--- Available data Enclosed Below ---

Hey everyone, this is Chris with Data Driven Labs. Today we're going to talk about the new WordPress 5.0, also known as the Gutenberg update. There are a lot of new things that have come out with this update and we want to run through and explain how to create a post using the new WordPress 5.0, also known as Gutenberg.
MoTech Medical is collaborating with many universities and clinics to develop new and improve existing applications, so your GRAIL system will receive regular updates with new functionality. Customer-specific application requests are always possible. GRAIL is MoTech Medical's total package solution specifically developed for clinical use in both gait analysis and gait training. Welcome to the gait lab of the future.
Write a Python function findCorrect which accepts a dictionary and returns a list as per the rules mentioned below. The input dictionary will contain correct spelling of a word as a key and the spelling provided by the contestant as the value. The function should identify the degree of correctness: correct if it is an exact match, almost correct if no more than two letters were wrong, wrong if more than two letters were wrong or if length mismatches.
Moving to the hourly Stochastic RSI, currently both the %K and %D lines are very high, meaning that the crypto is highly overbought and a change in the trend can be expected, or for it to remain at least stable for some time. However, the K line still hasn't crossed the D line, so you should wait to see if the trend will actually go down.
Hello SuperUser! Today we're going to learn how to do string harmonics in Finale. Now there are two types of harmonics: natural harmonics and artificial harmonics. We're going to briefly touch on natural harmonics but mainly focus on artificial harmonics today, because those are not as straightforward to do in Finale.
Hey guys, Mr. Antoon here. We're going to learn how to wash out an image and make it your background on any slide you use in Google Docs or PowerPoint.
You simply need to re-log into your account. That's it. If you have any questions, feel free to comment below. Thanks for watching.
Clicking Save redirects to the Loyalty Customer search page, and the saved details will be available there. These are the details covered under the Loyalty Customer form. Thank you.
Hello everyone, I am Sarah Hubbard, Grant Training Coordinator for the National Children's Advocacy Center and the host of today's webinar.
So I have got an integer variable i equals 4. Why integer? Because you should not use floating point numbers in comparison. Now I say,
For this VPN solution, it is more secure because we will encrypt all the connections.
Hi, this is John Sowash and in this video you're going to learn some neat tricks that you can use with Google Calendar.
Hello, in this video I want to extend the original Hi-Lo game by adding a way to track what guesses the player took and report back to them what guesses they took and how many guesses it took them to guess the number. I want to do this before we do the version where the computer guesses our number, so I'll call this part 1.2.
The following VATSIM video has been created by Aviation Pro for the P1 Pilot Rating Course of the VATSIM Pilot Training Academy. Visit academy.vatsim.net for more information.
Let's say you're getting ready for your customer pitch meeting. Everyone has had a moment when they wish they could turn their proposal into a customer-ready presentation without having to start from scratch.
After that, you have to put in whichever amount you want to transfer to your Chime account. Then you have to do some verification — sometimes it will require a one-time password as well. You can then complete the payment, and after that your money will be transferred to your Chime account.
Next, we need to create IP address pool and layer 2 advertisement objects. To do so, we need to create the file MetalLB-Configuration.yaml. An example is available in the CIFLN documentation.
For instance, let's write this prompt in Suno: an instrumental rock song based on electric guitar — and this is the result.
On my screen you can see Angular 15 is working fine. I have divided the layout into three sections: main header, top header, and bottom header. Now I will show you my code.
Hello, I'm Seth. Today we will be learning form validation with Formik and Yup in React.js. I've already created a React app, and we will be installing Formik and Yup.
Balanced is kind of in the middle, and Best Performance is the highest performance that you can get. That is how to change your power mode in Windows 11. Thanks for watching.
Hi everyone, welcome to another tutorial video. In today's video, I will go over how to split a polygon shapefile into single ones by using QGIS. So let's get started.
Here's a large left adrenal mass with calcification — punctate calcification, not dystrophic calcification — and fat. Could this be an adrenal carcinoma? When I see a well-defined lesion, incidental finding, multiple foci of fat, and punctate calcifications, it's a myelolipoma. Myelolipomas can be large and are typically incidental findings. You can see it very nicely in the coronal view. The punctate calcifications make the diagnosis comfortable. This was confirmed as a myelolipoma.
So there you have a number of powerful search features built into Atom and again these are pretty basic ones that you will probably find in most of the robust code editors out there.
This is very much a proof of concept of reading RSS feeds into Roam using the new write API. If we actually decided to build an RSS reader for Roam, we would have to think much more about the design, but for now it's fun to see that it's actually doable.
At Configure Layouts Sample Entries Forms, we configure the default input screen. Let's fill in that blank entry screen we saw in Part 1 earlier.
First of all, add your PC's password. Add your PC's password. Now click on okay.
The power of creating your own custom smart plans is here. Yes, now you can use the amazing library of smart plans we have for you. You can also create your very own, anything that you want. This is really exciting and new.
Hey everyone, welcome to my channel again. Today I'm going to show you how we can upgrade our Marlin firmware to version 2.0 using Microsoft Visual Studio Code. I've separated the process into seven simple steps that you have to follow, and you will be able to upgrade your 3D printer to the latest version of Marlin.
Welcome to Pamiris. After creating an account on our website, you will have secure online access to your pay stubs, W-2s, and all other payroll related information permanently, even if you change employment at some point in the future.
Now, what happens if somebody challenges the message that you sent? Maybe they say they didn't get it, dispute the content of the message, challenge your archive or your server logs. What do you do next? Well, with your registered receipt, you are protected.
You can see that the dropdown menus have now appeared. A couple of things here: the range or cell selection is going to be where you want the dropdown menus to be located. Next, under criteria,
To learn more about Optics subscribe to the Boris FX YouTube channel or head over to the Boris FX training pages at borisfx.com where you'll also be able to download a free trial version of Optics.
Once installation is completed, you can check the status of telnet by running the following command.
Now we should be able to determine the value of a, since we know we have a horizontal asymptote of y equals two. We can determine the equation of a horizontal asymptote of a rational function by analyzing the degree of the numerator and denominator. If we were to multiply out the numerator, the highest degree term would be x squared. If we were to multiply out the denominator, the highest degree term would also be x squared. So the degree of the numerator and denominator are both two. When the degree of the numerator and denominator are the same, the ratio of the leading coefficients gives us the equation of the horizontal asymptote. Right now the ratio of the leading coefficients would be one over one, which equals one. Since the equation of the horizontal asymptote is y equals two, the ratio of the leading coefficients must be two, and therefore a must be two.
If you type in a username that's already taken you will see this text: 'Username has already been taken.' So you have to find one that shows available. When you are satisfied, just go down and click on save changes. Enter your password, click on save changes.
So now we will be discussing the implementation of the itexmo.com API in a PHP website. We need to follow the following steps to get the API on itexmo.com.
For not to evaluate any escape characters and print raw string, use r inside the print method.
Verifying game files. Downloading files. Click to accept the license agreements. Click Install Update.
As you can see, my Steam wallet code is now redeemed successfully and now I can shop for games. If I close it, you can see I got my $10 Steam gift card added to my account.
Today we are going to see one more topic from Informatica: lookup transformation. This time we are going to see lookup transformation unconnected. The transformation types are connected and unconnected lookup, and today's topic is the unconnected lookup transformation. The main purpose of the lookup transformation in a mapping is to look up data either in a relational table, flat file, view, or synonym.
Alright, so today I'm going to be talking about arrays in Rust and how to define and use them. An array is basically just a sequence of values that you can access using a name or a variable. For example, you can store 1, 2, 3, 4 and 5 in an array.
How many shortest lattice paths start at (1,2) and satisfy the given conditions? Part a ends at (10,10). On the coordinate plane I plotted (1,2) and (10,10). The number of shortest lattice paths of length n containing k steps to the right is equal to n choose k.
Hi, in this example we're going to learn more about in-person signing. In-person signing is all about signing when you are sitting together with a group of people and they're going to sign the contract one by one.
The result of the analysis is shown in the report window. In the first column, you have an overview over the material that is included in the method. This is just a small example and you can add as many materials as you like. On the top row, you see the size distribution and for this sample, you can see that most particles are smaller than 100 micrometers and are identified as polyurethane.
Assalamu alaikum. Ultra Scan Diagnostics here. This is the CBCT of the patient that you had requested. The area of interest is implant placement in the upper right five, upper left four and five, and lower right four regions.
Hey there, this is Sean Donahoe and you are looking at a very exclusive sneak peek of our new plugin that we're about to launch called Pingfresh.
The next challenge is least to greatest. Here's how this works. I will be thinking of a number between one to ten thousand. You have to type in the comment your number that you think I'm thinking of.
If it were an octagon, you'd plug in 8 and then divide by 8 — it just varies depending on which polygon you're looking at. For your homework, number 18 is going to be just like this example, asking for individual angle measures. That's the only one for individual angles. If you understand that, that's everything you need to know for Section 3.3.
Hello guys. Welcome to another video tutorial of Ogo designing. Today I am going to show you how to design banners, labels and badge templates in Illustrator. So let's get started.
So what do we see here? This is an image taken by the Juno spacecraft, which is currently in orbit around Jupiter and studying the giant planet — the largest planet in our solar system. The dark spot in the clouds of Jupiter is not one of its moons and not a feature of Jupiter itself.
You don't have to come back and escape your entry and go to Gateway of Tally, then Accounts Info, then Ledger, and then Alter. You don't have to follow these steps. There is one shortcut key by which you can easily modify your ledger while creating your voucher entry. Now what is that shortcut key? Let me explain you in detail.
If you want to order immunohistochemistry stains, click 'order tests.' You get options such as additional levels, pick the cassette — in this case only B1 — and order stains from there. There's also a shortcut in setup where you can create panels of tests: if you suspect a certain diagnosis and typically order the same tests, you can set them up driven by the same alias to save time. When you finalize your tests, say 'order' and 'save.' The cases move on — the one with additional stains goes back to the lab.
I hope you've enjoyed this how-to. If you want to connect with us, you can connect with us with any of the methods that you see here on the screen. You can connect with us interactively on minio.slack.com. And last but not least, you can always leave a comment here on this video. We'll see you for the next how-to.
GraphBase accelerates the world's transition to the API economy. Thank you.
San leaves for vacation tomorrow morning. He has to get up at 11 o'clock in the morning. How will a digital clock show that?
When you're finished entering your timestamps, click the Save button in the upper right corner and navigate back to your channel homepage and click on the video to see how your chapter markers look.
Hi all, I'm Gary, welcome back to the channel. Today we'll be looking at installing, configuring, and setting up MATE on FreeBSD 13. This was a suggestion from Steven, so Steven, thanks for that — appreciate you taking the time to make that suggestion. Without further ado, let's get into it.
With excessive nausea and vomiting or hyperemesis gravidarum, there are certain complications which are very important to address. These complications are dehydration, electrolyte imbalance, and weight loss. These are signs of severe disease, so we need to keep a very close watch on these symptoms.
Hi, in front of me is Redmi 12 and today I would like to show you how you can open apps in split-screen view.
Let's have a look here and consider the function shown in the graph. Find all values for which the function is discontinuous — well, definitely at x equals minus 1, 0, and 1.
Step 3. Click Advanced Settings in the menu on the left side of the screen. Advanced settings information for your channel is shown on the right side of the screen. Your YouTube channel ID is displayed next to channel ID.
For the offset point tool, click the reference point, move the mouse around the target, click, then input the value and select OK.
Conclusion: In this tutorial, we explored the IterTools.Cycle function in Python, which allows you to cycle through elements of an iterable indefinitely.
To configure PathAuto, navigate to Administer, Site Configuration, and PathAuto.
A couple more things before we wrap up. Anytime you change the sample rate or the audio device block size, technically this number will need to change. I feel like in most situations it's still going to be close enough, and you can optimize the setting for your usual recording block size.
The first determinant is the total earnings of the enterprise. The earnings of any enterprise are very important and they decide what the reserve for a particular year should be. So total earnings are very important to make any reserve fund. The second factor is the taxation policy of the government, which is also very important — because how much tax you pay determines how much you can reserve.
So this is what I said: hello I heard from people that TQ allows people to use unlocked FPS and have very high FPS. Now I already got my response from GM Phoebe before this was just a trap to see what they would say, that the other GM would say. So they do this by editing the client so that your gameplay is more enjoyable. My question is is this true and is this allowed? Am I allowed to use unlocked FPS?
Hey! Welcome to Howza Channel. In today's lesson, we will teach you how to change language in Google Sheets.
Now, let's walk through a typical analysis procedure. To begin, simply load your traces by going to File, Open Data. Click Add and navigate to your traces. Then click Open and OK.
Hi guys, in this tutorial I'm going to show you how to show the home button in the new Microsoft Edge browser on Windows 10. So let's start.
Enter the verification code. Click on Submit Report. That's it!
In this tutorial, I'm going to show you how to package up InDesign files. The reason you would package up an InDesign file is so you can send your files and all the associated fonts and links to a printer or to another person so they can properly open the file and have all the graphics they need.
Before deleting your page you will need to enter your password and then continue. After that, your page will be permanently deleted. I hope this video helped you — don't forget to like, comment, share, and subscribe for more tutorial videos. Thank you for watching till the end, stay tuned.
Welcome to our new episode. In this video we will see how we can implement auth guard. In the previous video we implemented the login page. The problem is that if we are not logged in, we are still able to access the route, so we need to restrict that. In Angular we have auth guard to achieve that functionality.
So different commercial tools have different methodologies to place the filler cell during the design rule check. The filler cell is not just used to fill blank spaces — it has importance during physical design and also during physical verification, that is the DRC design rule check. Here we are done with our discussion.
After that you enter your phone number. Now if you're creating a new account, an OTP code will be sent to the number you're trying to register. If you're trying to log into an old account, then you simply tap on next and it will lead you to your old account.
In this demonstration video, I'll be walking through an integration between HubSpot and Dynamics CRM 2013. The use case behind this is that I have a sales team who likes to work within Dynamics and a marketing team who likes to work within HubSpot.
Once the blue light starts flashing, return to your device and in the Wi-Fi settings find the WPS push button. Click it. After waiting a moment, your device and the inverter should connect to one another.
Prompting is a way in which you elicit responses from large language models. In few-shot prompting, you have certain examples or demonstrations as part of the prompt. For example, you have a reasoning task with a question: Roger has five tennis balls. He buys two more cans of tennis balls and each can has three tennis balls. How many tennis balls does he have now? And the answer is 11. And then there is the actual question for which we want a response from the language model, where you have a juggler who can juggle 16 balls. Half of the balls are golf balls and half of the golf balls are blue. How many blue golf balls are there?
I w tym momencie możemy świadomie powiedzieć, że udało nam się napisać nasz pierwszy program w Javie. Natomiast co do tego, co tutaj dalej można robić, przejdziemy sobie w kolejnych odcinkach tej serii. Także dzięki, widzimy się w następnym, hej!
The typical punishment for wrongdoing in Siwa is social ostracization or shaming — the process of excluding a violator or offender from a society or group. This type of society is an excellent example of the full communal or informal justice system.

--- End of Enclosed Available data ---

__What you will do__. What is the number of lines in the listing that hold "address"? Give that number and nothing more.

__Exercise output__. 2